I just sort of came out of office hours which yikes never been before, but I always really wanted to go. I forced myself to this time because I figured I never would if I didn’t now lol. The professor was really nice and objectively it was fine. But walking out and especially during I get that same hyperventilating thought of “God I’m so dumb, I can’t settle my thoughts right, look they're trying to understand what I’m saying and help and I can’t even relax and talk”. I start getting thoughts of running away like “Good god they’re going to hate me now, why didn’t I just stay unknown, I’d be neutrally thought of —now they think I’m an idiot or worse…. unfriendly or mad at them :/ I get really embarrassed over social propriety. If I maybe sat down before I should have, didn’t hold the door open enough, I had to actually knock and intrude on someone else yikes. It’s sort of the overly self-aware thing? And it’s sort of… I get scared of the silence. Of someone listening and I feel like I’m holding the floor which makes me really nervous but also sort of ashamed (as if I’m just wasting time, rambling, scared I’m giving off a Jerk vibe). I’m thinking too much about paving the way to mutual understanding for the topic that I cause misunderstandings -_- and then can’t fix them because I’m nervous anyway

:/ Like… the rational part of me is like “oh mah gawd shut up it’s fine” and then the other side just crashes into a tree

TLDR-- Socially anxious in office hours, beating yourself up about it after: how to stop this or not hate myself for it?
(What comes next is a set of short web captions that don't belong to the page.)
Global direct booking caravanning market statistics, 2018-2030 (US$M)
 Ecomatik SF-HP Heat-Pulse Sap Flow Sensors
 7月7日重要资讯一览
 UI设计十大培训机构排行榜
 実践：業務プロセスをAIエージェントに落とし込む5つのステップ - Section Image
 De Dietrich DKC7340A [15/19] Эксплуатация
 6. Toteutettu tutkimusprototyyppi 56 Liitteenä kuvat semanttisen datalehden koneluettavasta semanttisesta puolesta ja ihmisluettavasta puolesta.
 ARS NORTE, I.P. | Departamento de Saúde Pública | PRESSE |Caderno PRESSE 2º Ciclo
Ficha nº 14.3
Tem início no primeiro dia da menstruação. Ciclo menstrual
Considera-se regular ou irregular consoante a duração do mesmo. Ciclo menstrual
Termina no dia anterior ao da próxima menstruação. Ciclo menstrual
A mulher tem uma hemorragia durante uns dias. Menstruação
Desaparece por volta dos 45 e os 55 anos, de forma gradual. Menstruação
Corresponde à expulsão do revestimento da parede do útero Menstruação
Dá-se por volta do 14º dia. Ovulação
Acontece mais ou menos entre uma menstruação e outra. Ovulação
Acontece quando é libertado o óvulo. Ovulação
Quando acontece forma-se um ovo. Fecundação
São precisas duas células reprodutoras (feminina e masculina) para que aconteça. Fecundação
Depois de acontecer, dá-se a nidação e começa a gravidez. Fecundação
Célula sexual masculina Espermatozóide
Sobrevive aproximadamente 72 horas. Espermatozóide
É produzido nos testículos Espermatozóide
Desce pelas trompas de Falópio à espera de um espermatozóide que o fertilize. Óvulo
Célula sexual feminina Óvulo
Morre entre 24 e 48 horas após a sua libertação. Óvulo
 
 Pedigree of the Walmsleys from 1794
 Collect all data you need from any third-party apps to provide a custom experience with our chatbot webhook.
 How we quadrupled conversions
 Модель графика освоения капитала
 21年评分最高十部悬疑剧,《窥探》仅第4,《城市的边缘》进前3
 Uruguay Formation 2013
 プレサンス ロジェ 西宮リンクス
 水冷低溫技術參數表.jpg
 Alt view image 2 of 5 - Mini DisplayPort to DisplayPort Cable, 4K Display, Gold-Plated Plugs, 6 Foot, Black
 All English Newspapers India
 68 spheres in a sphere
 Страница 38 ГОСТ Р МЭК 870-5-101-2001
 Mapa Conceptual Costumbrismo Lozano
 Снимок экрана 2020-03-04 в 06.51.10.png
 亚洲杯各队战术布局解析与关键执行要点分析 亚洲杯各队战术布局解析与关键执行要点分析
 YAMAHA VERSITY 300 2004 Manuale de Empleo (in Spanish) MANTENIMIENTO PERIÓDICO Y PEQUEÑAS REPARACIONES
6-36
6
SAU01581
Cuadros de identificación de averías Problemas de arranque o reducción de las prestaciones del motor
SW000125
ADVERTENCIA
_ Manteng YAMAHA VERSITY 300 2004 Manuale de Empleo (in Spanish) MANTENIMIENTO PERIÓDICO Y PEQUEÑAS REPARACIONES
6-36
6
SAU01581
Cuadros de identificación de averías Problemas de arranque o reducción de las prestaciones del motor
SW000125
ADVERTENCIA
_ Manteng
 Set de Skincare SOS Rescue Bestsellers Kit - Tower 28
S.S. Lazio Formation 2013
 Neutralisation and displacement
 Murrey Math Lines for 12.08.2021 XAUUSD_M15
I’m literally going to be going over it all night (the old picking myself apart thing) and feel awkward going into lecture tomorrow -_- It seems like a lot of people develop cool friendships with their profs. I just want to be able to ask a question I care about without getting a migraine afterward LOL


----------



## Nyla (Oct 9, 2016)

I think you just get used to the whole environment after a few times. But don't worry, I'm like this too, lol. I always have to prepare myself with what I'll probably do otherwise I freak out on the spot and sometimes come off as kind of snobby. XD Maybe you could try jotting down any questions you have from the lecture and then taking them with you to office hours just so you know what you're going to ask/contribute.


----------